Эта его природная доброта вкупе со склонностью к лидерству влекла к молодым, начинающим — не только поэтам, но и скульпторам, художникам, графикам. Константин Ваншенкин вспоминает, что Слуцкий как-то познакомил его «с молодыми скульпторами Вадимом Сидуром, Владимиром Лемпортом, Николаем Силисом.
— Вижу, что не запомнишь, — улыбнулся Слуцкий, — но я скажу так, чтобы запомнил:
Лемпорт, Силис и Сидур
Ехали на лодке.
Мы вместе побывали и бывали в их общей, расположенной в подвале мастерской. С той поры у меня сохранилось несколько их работ…». Ваншенкин встречал в квартире Бориса Илью Глазунова, писавшего портрет Слуцкого. На портрете Слуцкий показался Ваншенкину слишком монументальным, сановитым и напыщенным. Ваншенкин сказал об этом художнику.
— Я хочу показать здесь его твердость, большой талант, глубину натуры Бориса Абрамовича.

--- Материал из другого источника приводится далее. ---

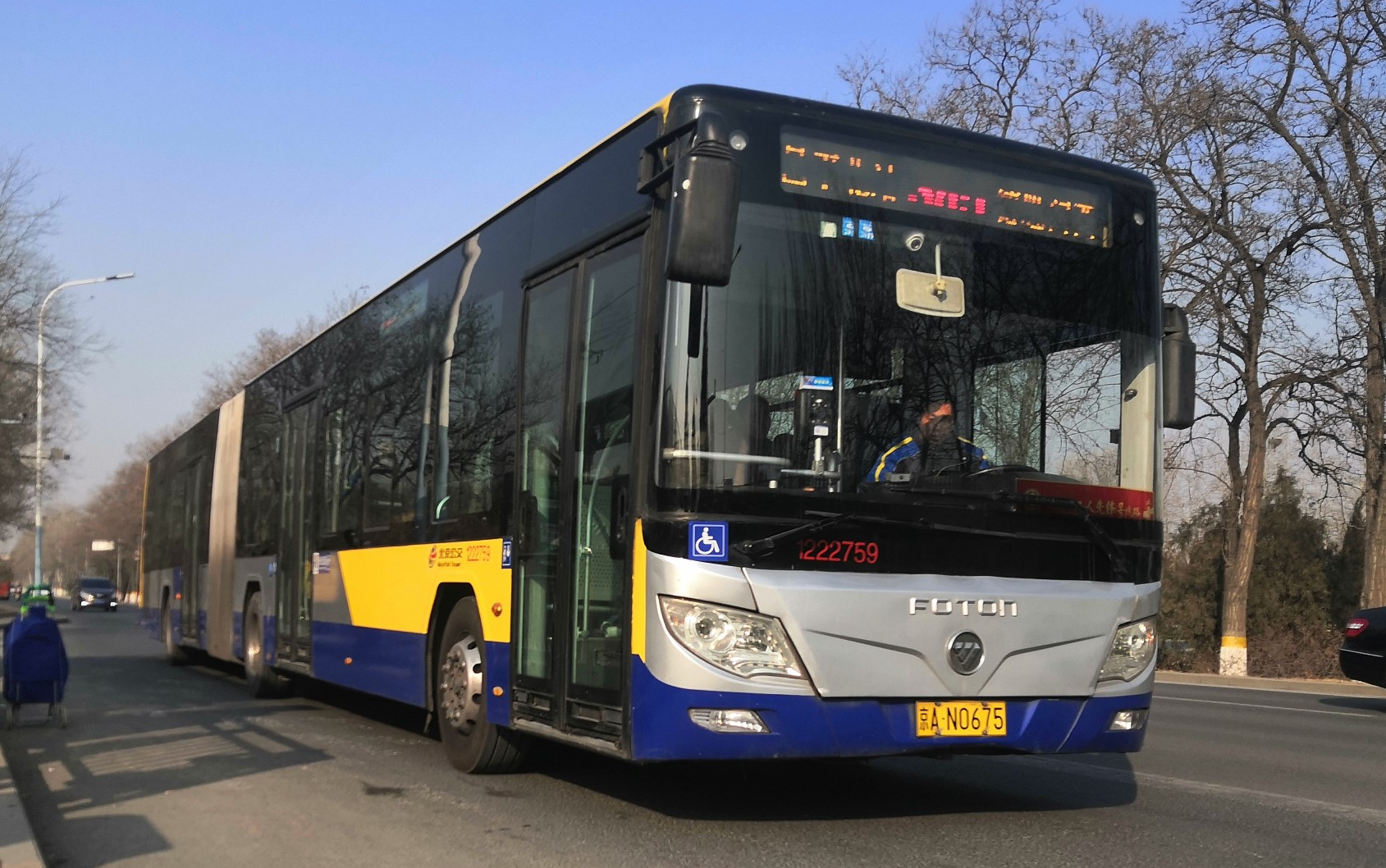 北京公交345路清河德胜门西区间侧方展望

Сам Борис ничего не говорил. Потом отвел Ваншенкина в сторону и спросил, не желает ли он заказать Глазунову свой портрет. «Дело в том, что художника нужно бы поддержать…»[137]
Однако ближе Слуцкому были совсем другие художники. Владимир Огнев вспоминает, что из троицы скульпторов, к которым относился дружески, Слуцкий особенно выделял Сидура. «Молчаливый крик фигур Сидура, их героическое начало, упрямо-прямая линия к цели, лаконизм формы, обобщенность образа — идеал Слуцкого». Сидур, прошедший фронт, искалеченный в бою, мужественно прошедший путь испытаний и, несмотря на все, оставшийся оптимистом, был Слуцкому сродни.
«Как искусствоведу мне было ясно, — вспоминает Лев Мочалов, — что поэзия Слуцкого во многом созвучна заявившему тогда о себе в живописи “суровому стилю”: творчеству В. Попкова, Н. Андронова, П. Никонова. Борис Слуцкий любил живопись и интересовался моим мнением о том или другом художнике. Однажды спросил: “Как вы относитесь к Глазунову?”… В свое время меня привлекали его ранние графические листы… Но последующие работы настораживали: я не находил в них серьезного отношения к своему, как говорил Врубель, “специальному делу”, о чем и сказал Слуцкому. “Да, — возразил он, но у него есть страдание”. Все же постепенно художественные пристрастия Слуцкого сместились в сторону Павла Кузнецова, Михаила Ларионова… Первому он посвятил стихотворение. Работа второго появилась в его доме»[138].